On May 14, 2012 NYSE Amex Options’ rule filing to eliminate SPY option (options on the S&P 500 ETF) position limits was published by the SEC for comment. Historically, position limits have been used as a regulatory tool in the options markets to help prevent potentially manipulative schemes from adversely impacting the market. However, as SPY options have grown in volume to become the most actively traded options class in terms of average daily volume[1]; these position limits have become prohibitive to the optimal use of the product.

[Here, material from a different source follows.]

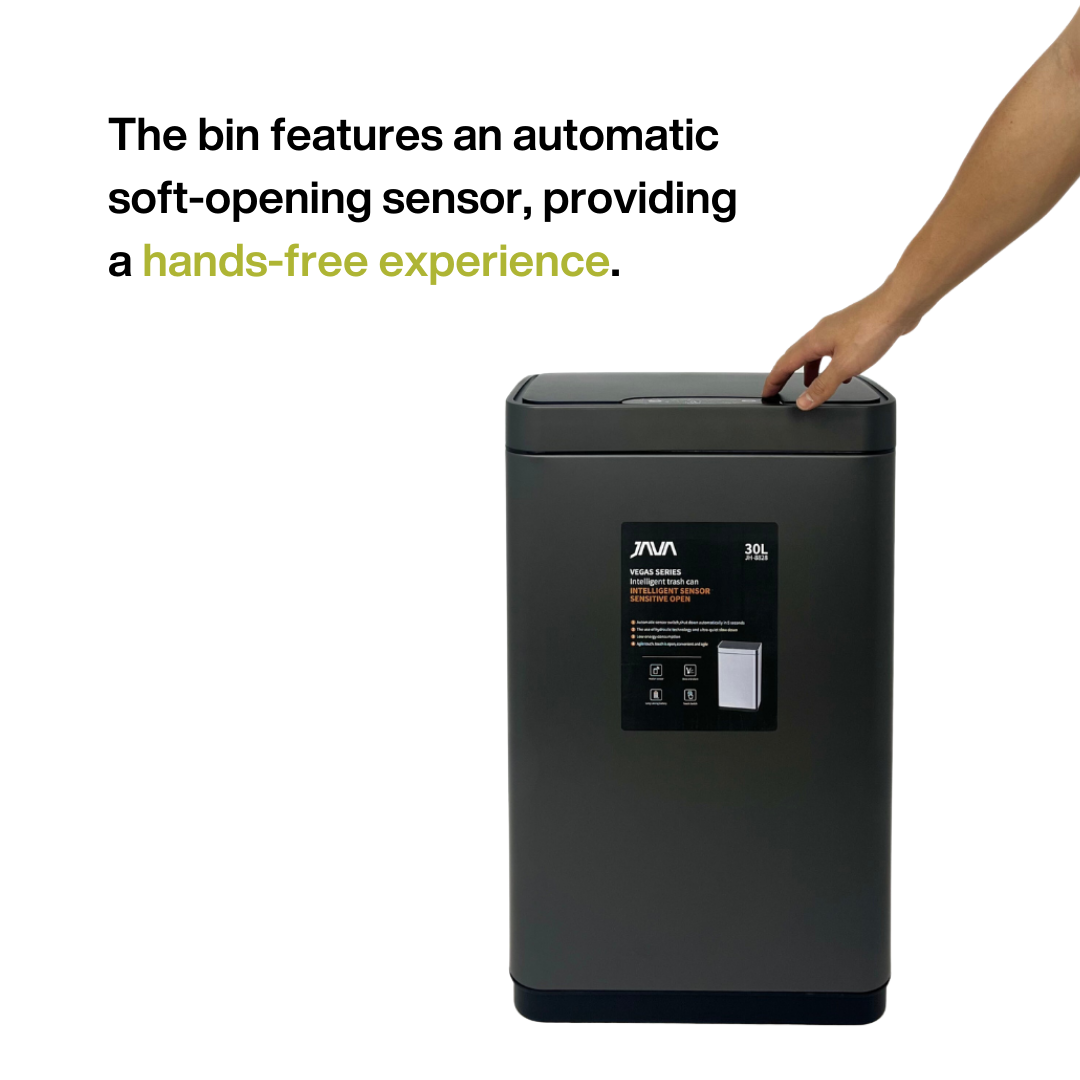 JAVA Dustbin | VEGAS | JH8828 | 30L, 50L | Sensor Bin | Trash Bin ...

For many large market participants, such as mutual funds and other institutional investors, SPY options provide a means to deal with their substantial hedging needs. Currently, position limits are capped at 900,000 contracts on the same side of the market. By comparison, SPX options (options on the S&P 500 Index) which are 10 times the notional size of SPY options do not have these limits. A position of only 90,000 SPX options is equivalent to a position of 900,000 SPY options. The growth of SPX options trading volumes in recent years indicates that market participants are potentially forgoing SPY options in favor of utilizing SPX options for their hedging needs.

NYSE Amex Options believes that because SPX and SPY options are ultimately derivatives of the same benchmark- the S&P 500 Index- they should be treated equally from a position limit perspective. Therefore, SPY position limits should be eliminated.